▶ **Collected data**

━━━━━━

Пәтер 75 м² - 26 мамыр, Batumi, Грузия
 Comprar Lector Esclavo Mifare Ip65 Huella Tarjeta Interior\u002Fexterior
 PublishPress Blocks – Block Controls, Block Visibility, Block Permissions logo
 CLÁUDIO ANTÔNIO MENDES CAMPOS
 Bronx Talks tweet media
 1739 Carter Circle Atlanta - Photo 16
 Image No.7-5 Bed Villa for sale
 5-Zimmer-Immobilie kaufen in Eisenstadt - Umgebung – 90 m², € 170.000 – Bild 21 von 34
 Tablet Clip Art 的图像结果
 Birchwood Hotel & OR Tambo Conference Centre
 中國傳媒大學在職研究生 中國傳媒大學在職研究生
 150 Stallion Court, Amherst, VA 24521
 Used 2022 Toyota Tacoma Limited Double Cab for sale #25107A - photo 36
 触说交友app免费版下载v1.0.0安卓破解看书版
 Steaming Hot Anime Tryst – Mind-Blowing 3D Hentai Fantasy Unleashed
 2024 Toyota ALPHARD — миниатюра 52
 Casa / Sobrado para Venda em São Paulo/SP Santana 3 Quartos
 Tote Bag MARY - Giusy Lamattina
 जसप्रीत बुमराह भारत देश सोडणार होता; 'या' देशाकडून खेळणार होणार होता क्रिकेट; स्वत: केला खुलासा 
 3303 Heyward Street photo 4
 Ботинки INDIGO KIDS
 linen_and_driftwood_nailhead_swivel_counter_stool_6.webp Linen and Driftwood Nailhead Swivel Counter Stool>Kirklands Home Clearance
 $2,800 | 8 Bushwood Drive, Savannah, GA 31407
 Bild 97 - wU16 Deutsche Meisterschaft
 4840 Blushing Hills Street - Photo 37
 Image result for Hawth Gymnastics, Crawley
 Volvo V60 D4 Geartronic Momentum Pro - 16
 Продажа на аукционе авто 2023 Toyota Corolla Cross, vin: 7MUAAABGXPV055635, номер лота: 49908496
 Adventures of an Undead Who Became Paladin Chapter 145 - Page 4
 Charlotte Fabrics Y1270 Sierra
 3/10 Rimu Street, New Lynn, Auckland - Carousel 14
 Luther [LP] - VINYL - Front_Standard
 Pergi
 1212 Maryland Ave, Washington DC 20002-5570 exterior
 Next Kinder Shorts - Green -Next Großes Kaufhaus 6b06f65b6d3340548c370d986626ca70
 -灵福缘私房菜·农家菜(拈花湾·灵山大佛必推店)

━━━━━━

▶ **INSTRUCTIONS TO FOLLOW**
A single number is requested: the count of lines in the data that hold "sale".

▶ **EXERCISE SOLUTION**
2